One of the best parts of Nashville’s five-star Hermitage Hotel is a bathroom, according to a survey of US restrooms. The men’s room in the Oak Bar on the hotel’s lower level was voted best in the US in the seventh annual “America’s Best Restroom” contest sponsored by Cincinnati-based Cintas Corp, the nation’s largest uniform supplier.

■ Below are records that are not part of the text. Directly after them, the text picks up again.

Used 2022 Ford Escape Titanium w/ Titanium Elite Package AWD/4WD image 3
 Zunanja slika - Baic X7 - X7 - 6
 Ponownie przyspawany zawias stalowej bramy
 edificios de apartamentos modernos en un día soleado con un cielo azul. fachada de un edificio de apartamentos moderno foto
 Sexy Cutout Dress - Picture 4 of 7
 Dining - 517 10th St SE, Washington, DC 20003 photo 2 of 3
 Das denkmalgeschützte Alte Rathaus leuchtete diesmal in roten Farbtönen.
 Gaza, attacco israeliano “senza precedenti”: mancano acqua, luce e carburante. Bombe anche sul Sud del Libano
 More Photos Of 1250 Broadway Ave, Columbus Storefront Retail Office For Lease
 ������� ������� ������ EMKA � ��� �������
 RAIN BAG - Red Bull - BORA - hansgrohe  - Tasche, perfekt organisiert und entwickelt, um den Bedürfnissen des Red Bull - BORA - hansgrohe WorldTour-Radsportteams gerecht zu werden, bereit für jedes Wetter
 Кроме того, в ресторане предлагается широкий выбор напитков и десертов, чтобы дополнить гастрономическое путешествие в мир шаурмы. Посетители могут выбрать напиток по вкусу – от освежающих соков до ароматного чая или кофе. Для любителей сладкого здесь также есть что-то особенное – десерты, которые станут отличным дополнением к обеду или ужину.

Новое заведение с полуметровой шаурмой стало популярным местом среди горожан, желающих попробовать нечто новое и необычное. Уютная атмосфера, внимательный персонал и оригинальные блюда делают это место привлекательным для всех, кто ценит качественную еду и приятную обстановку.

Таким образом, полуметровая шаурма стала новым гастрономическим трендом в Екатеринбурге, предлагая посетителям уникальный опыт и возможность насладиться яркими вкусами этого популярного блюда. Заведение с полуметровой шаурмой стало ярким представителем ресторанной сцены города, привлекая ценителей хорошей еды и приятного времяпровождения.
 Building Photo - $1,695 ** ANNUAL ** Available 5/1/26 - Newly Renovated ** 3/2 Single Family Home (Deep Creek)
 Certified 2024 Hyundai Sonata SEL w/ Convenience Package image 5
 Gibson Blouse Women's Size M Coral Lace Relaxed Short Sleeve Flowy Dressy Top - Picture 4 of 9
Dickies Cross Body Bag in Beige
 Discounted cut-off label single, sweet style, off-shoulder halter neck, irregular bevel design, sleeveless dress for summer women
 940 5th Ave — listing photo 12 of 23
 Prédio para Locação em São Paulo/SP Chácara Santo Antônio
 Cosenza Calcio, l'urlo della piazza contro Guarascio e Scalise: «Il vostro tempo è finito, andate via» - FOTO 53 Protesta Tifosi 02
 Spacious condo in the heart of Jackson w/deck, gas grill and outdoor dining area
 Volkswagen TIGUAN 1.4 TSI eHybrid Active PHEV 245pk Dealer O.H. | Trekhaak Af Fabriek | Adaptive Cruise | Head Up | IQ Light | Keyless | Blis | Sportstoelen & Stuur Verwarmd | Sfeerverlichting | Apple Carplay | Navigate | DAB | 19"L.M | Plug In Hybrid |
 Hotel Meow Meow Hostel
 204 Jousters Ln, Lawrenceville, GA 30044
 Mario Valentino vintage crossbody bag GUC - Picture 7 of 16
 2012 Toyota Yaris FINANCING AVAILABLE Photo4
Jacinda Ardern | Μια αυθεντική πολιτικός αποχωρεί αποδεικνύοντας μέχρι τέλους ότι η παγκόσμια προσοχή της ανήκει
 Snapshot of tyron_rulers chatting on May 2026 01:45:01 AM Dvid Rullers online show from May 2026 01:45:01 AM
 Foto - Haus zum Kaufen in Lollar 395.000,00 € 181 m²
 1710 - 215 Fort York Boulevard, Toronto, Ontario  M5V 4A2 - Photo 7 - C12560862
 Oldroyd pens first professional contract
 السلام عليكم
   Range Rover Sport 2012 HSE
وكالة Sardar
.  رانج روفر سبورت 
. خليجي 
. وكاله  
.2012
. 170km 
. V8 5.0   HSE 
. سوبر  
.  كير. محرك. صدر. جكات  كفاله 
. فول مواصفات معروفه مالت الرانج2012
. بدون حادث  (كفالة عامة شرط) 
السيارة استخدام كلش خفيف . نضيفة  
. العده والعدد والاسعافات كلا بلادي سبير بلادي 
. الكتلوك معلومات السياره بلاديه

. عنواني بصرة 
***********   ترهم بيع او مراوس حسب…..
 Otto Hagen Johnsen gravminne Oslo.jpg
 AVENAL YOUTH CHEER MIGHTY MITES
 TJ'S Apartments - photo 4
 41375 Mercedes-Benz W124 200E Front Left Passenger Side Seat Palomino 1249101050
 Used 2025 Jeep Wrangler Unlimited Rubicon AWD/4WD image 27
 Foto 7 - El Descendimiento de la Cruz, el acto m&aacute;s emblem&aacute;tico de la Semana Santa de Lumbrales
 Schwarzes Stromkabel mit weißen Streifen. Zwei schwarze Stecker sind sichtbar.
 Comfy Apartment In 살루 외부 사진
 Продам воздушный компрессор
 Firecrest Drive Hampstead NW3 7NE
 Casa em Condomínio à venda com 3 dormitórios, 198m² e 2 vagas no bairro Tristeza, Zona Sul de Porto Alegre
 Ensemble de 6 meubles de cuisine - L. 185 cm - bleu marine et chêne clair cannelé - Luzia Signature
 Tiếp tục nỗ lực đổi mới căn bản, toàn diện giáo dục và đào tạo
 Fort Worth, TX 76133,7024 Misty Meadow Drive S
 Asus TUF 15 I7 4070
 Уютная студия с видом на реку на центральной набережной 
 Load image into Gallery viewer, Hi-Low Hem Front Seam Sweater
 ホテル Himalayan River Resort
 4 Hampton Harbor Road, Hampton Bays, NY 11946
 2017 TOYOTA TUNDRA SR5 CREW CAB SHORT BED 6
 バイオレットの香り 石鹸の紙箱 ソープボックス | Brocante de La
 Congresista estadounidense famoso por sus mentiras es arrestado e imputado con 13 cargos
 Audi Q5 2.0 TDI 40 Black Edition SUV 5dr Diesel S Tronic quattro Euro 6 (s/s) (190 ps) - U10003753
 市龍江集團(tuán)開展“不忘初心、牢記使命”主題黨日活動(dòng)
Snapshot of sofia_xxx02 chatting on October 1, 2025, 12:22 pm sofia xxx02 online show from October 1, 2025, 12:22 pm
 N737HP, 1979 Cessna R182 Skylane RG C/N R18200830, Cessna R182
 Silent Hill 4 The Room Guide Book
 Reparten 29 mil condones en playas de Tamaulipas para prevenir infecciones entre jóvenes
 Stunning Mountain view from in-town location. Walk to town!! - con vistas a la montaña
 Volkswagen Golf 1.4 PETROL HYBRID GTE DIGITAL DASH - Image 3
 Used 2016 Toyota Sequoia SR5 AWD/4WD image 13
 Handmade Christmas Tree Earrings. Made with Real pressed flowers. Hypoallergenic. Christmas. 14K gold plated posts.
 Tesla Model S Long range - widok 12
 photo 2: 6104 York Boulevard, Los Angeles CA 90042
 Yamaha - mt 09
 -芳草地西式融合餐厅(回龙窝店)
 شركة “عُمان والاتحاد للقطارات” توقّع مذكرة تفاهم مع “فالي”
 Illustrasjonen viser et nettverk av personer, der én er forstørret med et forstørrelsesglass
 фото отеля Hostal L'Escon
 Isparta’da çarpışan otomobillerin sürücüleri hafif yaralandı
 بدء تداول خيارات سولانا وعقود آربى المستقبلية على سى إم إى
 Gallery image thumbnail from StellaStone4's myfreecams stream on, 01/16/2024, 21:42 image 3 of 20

The Art Deco-themed bathroom features terrazzo floors, leaded-glass tiles and a two-seat shoeshine station. It has been the setting for photo shoots and music videos, and was once rumored to have a secret tunnel that took patrons to the state Capitol, said Janet Kurtz, the hotel’s director of sales and marketing. “It has a great history here in Nashville,” Kurtz said in a telephone interview. “People have enjoyed visiting that restroom for many years. They will talk business, talk politics. It’s really unique in that nearly everyone in Nashville knows it’s the place to get the ear of someone you might need to talk to.” Groups of women have been known to leave their seats in the adjoining Capital Grille restaurant to visit, Kurtz said.
The Hermitage, built in 1910, was among 10 finalists chosen by a five-person panel from hundreds of nominations submitted through a website. Cintas started the contest in 2001 to honour businesses with stylish, clean bathrooms.
The winner beat the bathroom in the 21C Museum Hotel in Louisville, Kentucky, by “a few hundred votes,” said the survey’s editor, David Brandt, who declined to give detailed voting results.
The 21C bathroom features one-way mirrors facing its urinals and LCD screens with moving images of eyes built into the mirror above the sink. The Brio Restaurant in Rockford, Illinois, with a men’s room nicknamed “Hell” and a women’s room labeled “Heaven,” took third. The bathroom of The Signature Room restaurant, on the 95th floor of the John Hancock Center in Chicago took fourth, and the water-themed restroom at the Smith College Museum of Art in Northampton, Massachusetts, was fifth.
Past winners include Jungle Jim’s International Market in Fairfield, Ohio, which has doors that resemble port-o-potties yet open into a modern bathroom; Wendell’s Restaurant in Westerville, Ohio; and Fort Smith Regional Airport in Fort Smith, Arkansas.